Another example happened in Prismata, although to a far lesser extent. In the days of old (5EE) Wild Drone, most top players agreed that Wild Drone was extremely player-favoring; in many sets its presence gave a large advantage to player 1, and in many other sets a large advantage to player 2. But the lead developer said in at least one reddit statement that he wasn't going to change it because "our stats showed that top-level Wild Drone games have an almost 50/50 winrate between player 1 and player 2". I'm sure his stats did. Unfortunately for the community such stats can't tell the difference between a player-balanced unit and a coinflip. (To his credit, he did eventually change the unit.)

None of this is to suggest, of course, that statistics are useless or that the devs of a competitive game shouldn't gather them. Statistics are useful to quickly look at a large amount of data. But when you treat them as the supreme arbiter they aren't, they become actively counterproductive, because they can never truly isolate the variable you're interested in, and so they're always inconclusive, easily misleading, and never provide a complete picture of what it's like to play your game. Pro-and-con comparisons of game elements, and the experience of playing, are the most important tools for balancing a game.

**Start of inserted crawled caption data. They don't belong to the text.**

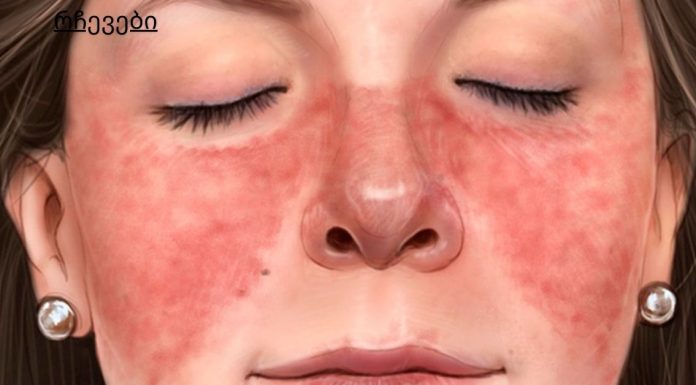 7 ნიშანი იმისა, რომ თქვენი კანი გაფრთხილებთ სერიოზულ დაავადებებზე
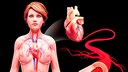 Heart Attack in Women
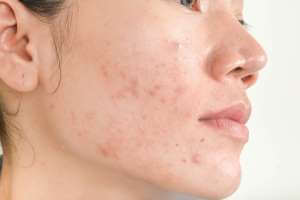 الخيار لعلاج حب الشباب - طرق ونصائح عملية لأستخدامه - skin-beauty gettyimages 851423236 1558637428 1 - الخيار لعلاج حب الشباب - طرق ونصائح عملية لأستخدامه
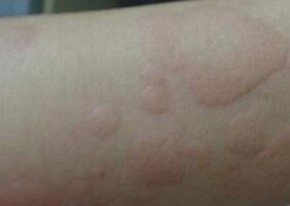 不一样类型荨麻疹的多见症状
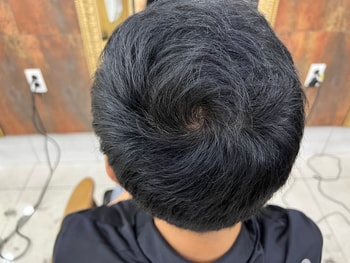 복용 6개월차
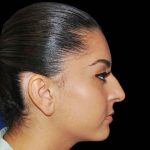 Rhinoplasty Before & After Patient #16988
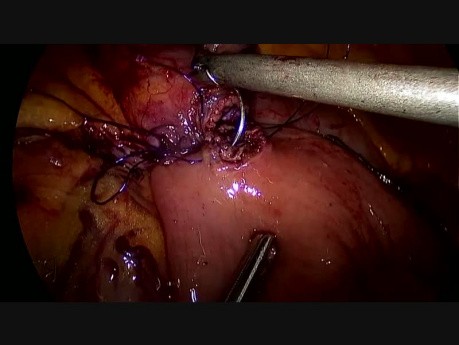 Gastric Bypass with Hand Sewn Pouch-Jejunal Anastomosis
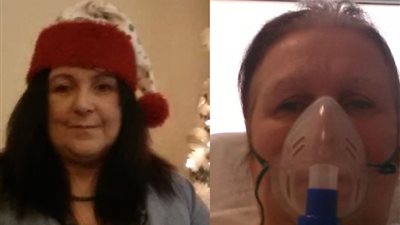 حالة طبية نادرة.. امرأة تعاني من حساسية قاتلة من رائحة عيد الميلاد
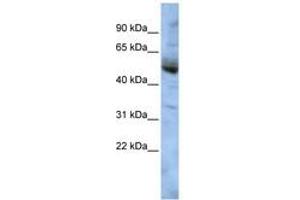 Image no. 1 for anti-COP9 Signalosome Subunit 4 (COPS4) (AA 143-192) antibody (ABIN6741398) (COPS4 抗体  (AA 143-192))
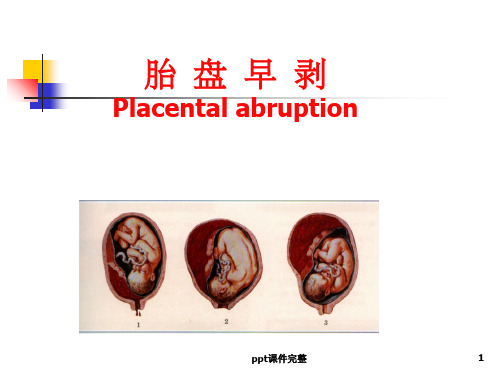胎盘早剥_PPT课件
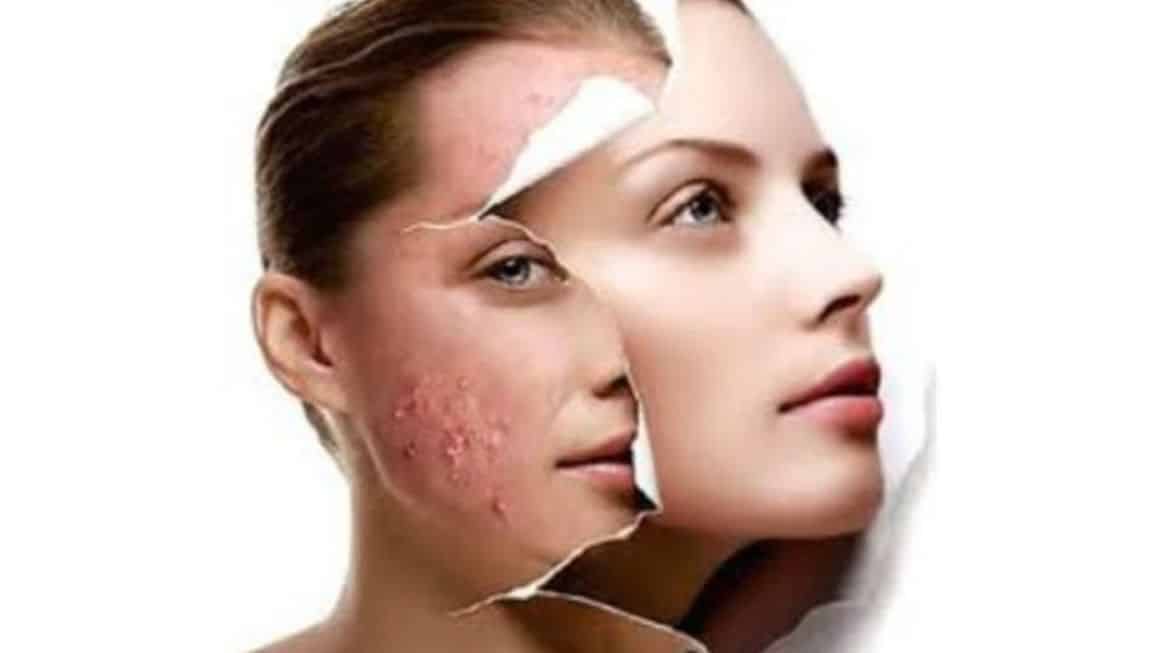 Tratamentos para acne - Tipos de acne e o que fazer em cada caso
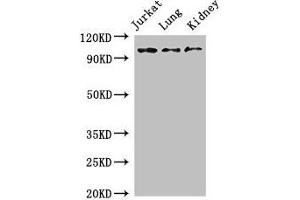 Western Blot Positive WB detected in: Jurkat whole cell lysate, Mouse lung tissue, Mouse kidney tissue All lanes: SMARCAL1 antibody at 3 μg/mL Secondary Goat polyclonal to rabbit IgG at 1/50000 dilution Predicted band size: 106 kDa Observed band size: 106 kDa (SMARCAL1 Antikörper  (AA 6-277))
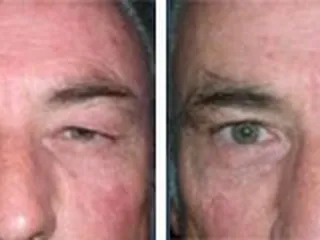 Fresno Plastic Surgery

(Neither of those tools alone is sufficient either because the experience of playing also doesn't isolate the variables you're interested in and provides a very limited range of personal experience, while out-of-game comparisons require weighing how much each factor is worth which is only reliable when your intuition is informed by experience and skill at the game.)

This page was last modified 2020 May 08, Friday, 00:56 (UTC)